2. Description Relative to the Prior Art
Apparatus for illuminating an original generally falls into two categories, each adapted to achieve the same result by a different engineering approach. One approach involves illuminating a slit through which the original is line-imaged by an optical system upon a photosensitive surface. Either the original moves past the illuminated slit or the slit moves over a stationary original to achieve the same result. In both cases the image is built up line by line on the photosensitive surface. The other approach involves illuminating an entire copy plane in which the original is positioned. The latter approach requires at least a momentary phase in the copy cycle when all parts of the original may be simultaneously imaged on the photosensitive surface, i.e., the image of the document is at least momentarily stationary with respect to the photosensitive surface. For example, a short exposure of the original effectively "freezes" motion with respect to a moving photosensitive belt.
Exemplary of the first approach is U.S. Pat. No. 3,982,116 which describes a single light source and an arrangement of mirrors for reflecting light through a slit defined transversely to a copy platen. The mirrors surrounding the light source are designed to converge light rays to a line focus beyond the slit. By placing an original on the platen, and moving the platen relative to the slit, the converging light rays scan the surface of the original.
The second approach is illustrated by copy machines described in each of U.S. Pat. Nos. 3,586,849 and 3,777,135. In each machine, an original is placed upon a transparent support platen mounted relative to an illumination lamp assembly. In order to provide homogeneous illumination, four lamps are orthogonally spaced around each edge of the original.
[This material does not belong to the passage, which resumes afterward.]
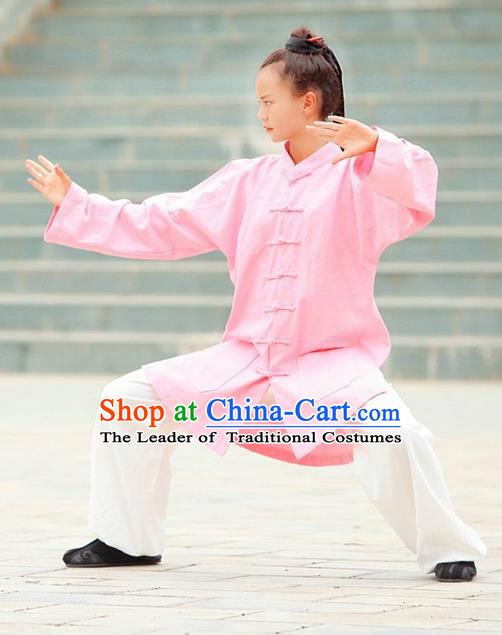 Traditional Chinese Wudang Uniform Taoist Nun Uniform Kungfu Kung Fu Clothing Clothes Pants Shirt Supplies Wu Gong Outfits, Chinese Tang Suit Wushu Clothing Tai Chi Suits Uniforms for Women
By means of reflectors with compound surfaces (i.e., both planar and curved surfaces), light rays emitted from each lamp are reflected upon the surface of the original such that they overlap and complement rays from the opposing lamp. The light rays reflect upon the surface of the original and produce image light corresponding to the informational areas on the original. The image light transverses an optical system and exposes the photosensitive surface of a flexible photoconductive belt arranged on a belt assembly.
The application served by these conventional approaches involves substantially opaque material situated in a copier such that light reflects from the opaque surface to a photosensitive surface. Unlike a transparency, which may be illuminated from a light source substantially on the optical axis of the copier, the light source for reflection copying is offset from the optical axis; otherwise the illumination source would block the image from reaching the photosensitive surface. In practice, because uniform illumination is required, it is common to use several light sources. Each source is spaced from one side of the opaque original.
Illumination of an original using a plurality of light sources is a satisfactory approach in some applications. However, in other applications this approach has significant limitations. For example, in a photographic printer where an image is projected from a color print to photosensitive color paper, the spectral characteristics of each lamp must be considered in arriving at proper exposure times and color filtration for a given paper. Not only do many lamps differ initially in spectral distribution, but lamp aging causes the distribution for each lamp to change at an individual rate.
The potential for unwanted color variability therefore increases as the number of light sources increase. Matching the lamps with proper filters to maintain a proper spectral distribution is difficult at best. To worsen matters, the burden is thrown upon the photofinisher rather than the manufacturer. Each light source would require its own set of color filters to control the spectral characteristic of light from that source. The mere number of components that must therefore be matched becomes unmanageable. The present invention effectively reduces this problem by providing uniform illumination with a single light source.